Es drohte ein unschönes Ende zu werden, nach einer beispiellosen Karriere der bisher erfolgreichsten Fernsehmacherin der deutschen Fernsehgeschichte. Sie wirke niedergeschlagen, hieß es in den vergangenen Wochen von Mitarbeiterinnen und Mitarbeitern, die der scheidenden Chefin auf den Fluren begegneten. Eine sonst so strukturierte Macherin wie sie, plötzlich ohne Aufgabe? Anders als aus Luxemburg, kam von Mitarbeiterinnen und Mitarbeitern in Deutz viel Rückhalt. Schon seit vergangener Woche hängt auch ein großes Plakat über der Zufahrt zum Picassoplatz 1, dem Sitz der Mediengruppe RTL Deutschland. "Danke Anke. Deine Mediengruppe RTL" ist darauf zu lesen.

Danke Anke

Differenzen mag es gegeben haben und eine einfache Chefin war Schäferkordt sicher auch nicht immer. Aber hier, in Köln-Deutz bei der Mediengruppe, hat man retrospektiv sehr viel Sympathie und Respekt für sie, die so viele Positionen in der Gruppe durchlaufen und über die Jahre große Erfolge verbucht hat. Vor einigen Tagen feierte Anke Schäferkordt schon zusammen mit ihrer Assistentin Romy Birk im kleinen Kreise bei sich auf dem Flur Abschied. Und an diesem Donnerstagabend also doch noch einmal vor der versammelten Belegschaft der Sendergruppe. Das inoffizielle Motto des Abends war ohnehin "Danke Anke". Bevor sie auf die Bühne kam, gab es die ersten Abschiedworte bereits via Videobotschaft.
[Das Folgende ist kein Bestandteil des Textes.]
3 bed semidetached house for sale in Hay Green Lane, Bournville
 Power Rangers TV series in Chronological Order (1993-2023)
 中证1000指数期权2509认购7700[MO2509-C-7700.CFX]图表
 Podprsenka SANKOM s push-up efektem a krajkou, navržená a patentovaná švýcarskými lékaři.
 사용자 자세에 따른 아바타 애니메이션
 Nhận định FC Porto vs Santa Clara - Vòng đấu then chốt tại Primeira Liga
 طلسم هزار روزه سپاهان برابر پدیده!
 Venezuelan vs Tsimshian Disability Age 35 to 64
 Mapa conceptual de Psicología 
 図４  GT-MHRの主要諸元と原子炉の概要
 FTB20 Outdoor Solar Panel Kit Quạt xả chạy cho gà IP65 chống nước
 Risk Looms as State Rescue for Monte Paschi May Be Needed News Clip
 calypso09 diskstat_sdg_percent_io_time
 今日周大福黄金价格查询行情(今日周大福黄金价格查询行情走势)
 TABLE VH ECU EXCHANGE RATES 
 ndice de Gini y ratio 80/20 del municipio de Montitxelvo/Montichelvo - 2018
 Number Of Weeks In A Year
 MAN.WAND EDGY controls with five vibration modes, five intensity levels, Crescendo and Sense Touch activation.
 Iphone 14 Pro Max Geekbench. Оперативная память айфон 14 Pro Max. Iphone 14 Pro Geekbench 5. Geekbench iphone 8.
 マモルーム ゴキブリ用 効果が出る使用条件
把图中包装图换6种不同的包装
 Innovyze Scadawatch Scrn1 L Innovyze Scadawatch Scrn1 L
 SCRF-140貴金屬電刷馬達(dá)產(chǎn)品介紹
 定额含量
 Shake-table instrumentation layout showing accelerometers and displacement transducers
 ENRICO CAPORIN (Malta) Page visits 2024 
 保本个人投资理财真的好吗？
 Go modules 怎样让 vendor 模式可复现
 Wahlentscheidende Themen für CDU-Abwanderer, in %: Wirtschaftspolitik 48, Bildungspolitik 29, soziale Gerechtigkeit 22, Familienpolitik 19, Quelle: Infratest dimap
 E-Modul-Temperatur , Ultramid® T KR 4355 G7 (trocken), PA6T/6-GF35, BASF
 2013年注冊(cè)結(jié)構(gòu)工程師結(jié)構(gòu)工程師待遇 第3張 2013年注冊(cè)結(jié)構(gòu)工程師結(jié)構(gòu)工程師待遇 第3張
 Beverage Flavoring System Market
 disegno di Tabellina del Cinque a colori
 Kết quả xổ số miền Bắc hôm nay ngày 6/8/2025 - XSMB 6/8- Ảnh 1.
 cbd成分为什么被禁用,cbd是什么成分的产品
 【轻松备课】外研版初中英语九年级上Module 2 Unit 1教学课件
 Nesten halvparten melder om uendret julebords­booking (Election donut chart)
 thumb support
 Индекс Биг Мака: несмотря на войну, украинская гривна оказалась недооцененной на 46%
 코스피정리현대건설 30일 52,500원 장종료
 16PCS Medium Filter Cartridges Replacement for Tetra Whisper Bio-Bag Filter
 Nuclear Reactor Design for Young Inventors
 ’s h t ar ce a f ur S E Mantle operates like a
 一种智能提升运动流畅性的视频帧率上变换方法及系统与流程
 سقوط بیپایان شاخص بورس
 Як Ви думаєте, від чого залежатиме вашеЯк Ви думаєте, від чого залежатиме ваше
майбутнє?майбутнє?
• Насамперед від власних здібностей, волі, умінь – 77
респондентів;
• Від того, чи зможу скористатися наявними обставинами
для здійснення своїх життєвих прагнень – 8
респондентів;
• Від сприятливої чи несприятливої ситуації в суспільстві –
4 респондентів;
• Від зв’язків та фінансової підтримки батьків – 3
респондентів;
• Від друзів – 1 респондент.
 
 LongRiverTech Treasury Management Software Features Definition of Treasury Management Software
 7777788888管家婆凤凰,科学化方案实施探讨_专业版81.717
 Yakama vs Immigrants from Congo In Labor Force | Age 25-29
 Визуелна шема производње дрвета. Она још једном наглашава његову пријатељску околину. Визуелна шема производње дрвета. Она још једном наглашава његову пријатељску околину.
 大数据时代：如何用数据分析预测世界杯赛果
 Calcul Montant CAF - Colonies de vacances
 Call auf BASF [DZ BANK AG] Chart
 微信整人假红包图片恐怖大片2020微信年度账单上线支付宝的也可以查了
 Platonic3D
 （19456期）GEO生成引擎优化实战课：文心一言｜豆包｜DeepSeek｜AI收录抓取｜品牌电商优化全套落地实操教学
"Die Mediengruppe RTL war über 27 Jahre meine berufliche Heimat. Und wenn ich auf diese Jahre zurückblicke, kann ich wirklich uneingeschränkt sagen: Es hat immer wahnsinnig viel Spaß gemacht. Ich habe es als absolutes Privileg empfunden, dieses Unternehmen mehr als 13 Jahre leiten zu dürfen und wenn ich auf diese Zeit zurückschaue, dann erfüllt mich das mit Stolz und Dankbarkeit. Auch wenn in jedem Abschied immer etwas Wehmut liegt, so gehe ich doch mit der Zuversicht, dass dieses Unternehmen mit dem exzellenten Team bestens aufgestellt ist", erklärt die scheidende Fernsehmacherin.

Und weiter: "Für mich ist diese Reise nun zu Ende. Sie alle werden aber die Erfolgsgeschichte weiter schreiben oder, um für die jüngeren Kollegen zu sprechen: Ihr werdet das Ding schon rocken! Bleibt mir an dieser Stelle nur Danke zu sagen für eine großartige Zeit, für eine tolle Zusammenarbeit und Euch und Ihnen alles Gute zu wünschen für die Zukunft. Und alles liebe. Tschüss, man sieht sich." Eine emotionale Videobotschaft, die auch für sich hätte stehen können. Aber dann kam sie eben doch noch einmal selbst auf die Bühne, begleitet von minutenlangem Applaus.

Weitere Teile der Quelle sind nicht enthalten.